Top of Source material

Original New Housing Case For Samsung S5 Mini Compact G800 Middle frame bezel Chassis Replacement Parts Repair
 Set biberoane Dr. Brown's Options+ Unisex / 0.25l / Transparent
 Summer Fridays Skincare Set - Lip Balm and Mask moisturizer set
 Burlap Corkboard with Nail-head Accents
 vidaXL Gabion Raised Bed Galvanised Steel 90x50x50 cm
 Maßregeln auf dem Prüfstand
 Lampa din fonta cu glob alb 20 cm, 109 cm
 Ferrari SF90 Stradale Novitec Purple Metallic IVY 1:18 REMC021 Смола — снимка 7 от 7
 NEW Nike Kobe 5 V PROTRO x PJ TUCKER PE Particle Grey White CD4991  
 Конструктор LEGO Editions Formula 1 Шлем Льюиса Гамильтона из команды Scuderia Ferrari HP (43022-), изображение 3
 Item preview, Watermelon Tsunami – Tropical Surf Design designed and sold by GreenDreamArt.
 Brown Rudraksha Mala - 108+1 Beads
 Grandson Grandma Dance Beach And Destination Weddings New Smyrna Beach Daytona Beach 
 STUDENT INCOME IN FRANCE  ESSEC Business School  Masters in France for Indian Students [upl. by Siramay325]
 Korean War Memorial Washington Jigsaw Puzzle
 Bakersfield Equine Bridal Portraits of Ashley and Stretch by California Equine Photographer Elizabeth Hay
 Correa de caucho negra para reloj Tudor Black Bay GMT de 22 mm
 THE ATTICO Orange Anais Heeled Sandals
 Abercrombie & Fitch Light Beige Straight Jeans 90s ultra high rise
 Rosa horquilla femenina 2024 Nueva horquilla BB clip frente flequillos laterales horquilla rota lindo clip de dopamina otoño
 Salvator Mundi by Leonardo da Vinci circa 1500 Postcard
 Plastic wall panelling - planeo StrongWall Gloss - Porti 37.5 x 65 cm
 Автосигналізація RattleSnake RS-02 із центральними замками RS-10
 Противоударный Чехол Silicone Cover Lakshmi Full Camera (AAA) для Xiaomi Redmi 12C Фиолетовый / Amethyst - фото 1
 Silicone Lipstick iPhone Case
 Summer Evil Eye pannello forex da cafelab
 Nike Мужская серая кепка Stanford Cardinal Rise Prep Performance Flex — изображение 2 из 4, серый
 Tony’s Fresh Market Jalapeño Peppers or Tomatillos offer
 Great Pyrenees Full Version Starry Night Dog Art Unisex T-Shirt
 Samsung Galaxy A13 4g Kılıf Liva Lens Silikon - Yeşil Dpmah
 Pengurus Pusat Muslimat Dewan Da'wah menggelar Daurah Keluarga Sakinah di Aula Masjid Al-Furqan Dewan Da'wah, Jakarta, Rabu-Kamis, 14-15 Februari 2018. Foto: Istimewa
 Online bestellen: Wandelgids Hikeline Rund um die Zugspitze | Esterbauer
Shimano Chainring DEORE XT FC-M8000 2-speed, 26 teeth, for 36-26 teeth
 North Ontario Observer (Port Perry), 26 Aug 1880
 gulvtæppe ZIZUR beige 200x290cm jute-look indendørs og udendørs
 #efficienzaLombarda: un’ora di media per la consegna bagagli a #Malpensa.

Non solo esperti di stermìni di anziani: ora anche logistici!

Bottom of Source material

- [Work required]:
A verbatim transcription is needed of the lines above, starting at the line with "Nike Мужская серая" and ending at the line with "Samsung Galaxy A13", both included, and of nothing else.

- [Answer box]:
 Nike Мужская серая кепка Stanford Cardinal Rise Prep Performance Flex — изображение 2 из 4, серый
 Tony’s Fresh Market Jalapeño Peppers or Tomatillos offer
 Great Pyrenees Full Version Starry Night Dog Art Unisex T-Shirt
 Samsung Galaxy A13 4g Kılıf Liva Lens Silikon - Yeşil Dpmah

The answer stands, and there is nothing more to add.